Simson merkt dat de Filistijnen hem lafhartig ontwijken en hem willen treffen in zijn vrouw. Hevig verontwaardigd gaat hij op zijn vijanden af en 'slaat hen op de schenkel en de heup', een spreekwoordelijke zegswijze voor 'armen en benen breken'. Hij slaat hen met een grote slag. Hij doet dit alleen en zonder enig wapen. Zo is hij Israëls richter en bevrijder.

Etam

Hierna trekt Simson zich terug op de rots Etam, een bijna ontoegankelijke kloof, waarschijnlijk dicht bij Zora. Hij wil de Israëlieten niet rechtstreeks in gevaar brengen door zich bij hen te voegen. Hij wacht nu hier op een aanval van de Filistijnen.

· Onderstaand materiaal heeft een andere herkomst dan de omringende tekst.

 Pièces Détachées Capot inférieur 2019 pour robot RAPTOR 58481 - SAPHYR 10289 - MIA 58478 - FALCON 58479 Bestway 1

Simson aanvaardt zijn roeping om alléén te strijden, want hij probeert niet de Israëlieten te mobiliseren om hem te helpen zoals bijvoorbeeld Gideon deed.

Dan komt de aanval!

De Filistijnen verzamelen een leger en trekken Lechi, een plaats in Juda, binnen. Dit veroorzaakt onrust onder de Judeeërs, want ze begrijpen dat de Filistijnen wat in hun schild voeren. Het blijkt dat het hen om Simson te doen is.

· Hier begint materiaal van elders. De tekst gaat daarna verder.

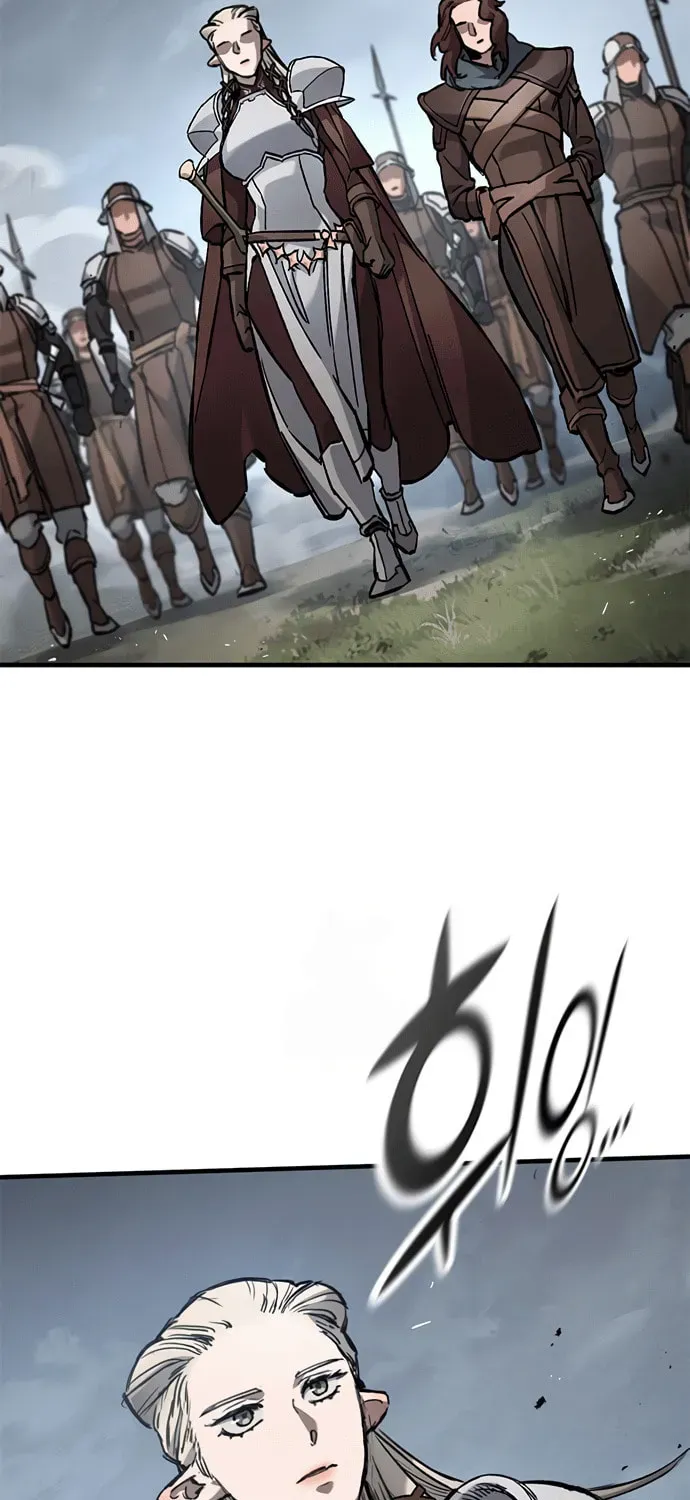 Read The Knight Only Lives Today Manga Online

Israël staat nu voor een keuze: erkennen ze Simson als een van God gegeven richter, of niet?

Het laatste is het geval. Er komen drieduizend mannen naar Simson toe om hem gevangen te nemen en uit te leveren aan de Filistijnen. Het blijkt dat de Israëlieten totaal niet begrijpen hoe smadelijk het is om aan de Filistijnen onderworpen te zijn. Ze rekenen het Simson zelfs als een misdaad aan wat hij de Filistijnen aangedaan heeft. Simson

Filistijnen aangedaan heeft. Simson vraagt hun te beloven dat ze hem niet aan zullen vallen. Dit doen ze en Simson laat zich binden met twee nieuwe touwen. Als een geloofsheld ("Wie zichzelf overwint is sterker dan wie een stad inneemt") laat hij zich naar Lechi voeren.

Lechi

In Lechi wordt hij door het gejuich van de Filistijnen verwelkomd, maar spoedig verstomt dit: de Geest des Heeren grijpt Simson aan. Simson verbreekt de touwen, grijpt een ezelskaak die op de grond ligt en slaat hiermee duizend Filistijnen neer.

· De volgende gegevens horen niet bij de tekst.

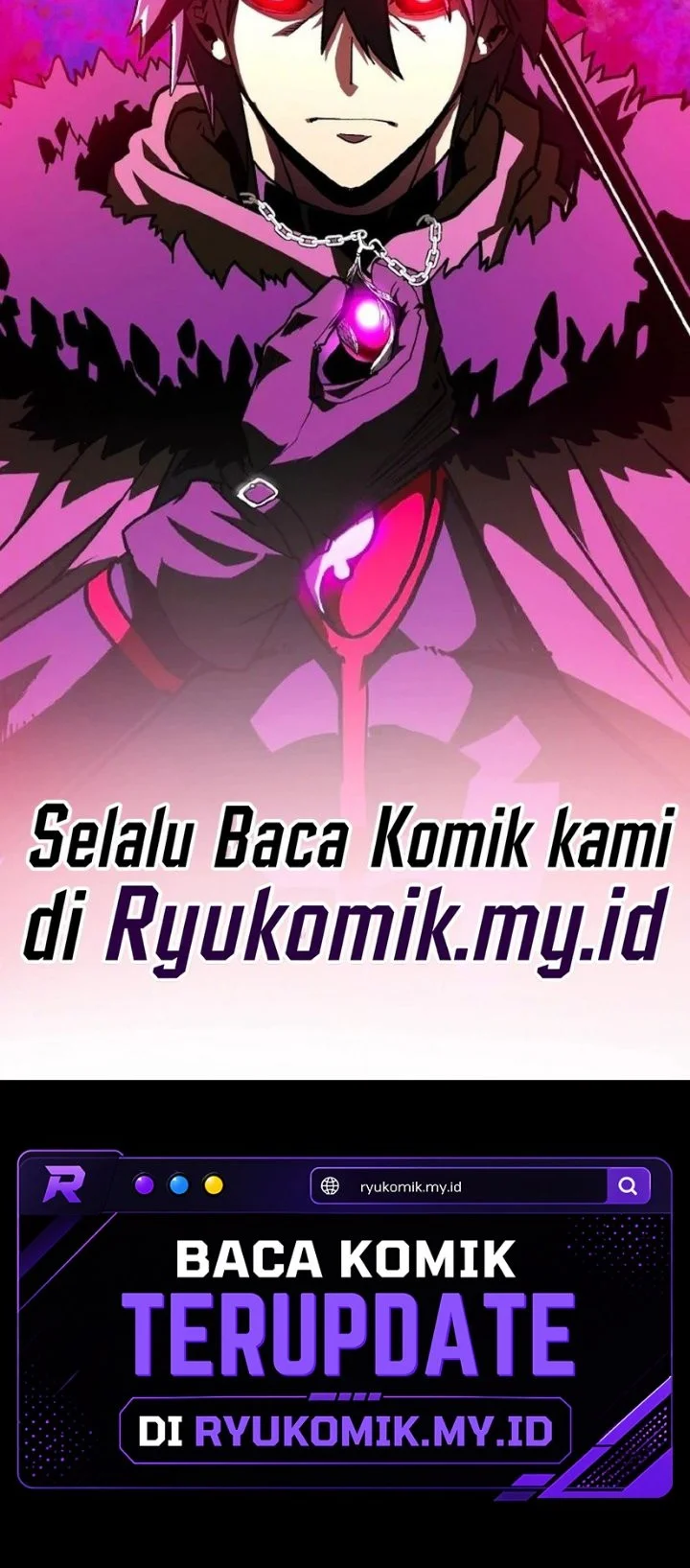 The Vengeful Villain Slayer Chapter 9 Gambar 45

Er klinkt een triomflied uit zijn mond:

"Met een ezelskinnebakken

een hoop, twee hopen,

met een ezelskinnebakken

heb ik duizend man verslagen".

Door de vertaling uit het Hebreeuws is de rijm verloren gegaan, evenals de woordspeling die Simson gebruikt. In het Hebreeuws bevat het woord dat door de Statenvertalers met "hoop" is vertaald, sterke overeenkomst met het Hebreeuwse woord voor "ezel". Vandaar dat ook de volgende vertaling mogelijk is:

"Met een ezelskinnebakken

sloeg ik een ezel, twee

ezels, met een ezelskinne

bakken sloeg ik duizend

man ".

Simson wil dus zeggen dat de ezels doodgeslagen zijn door hun eigen kinnebakken.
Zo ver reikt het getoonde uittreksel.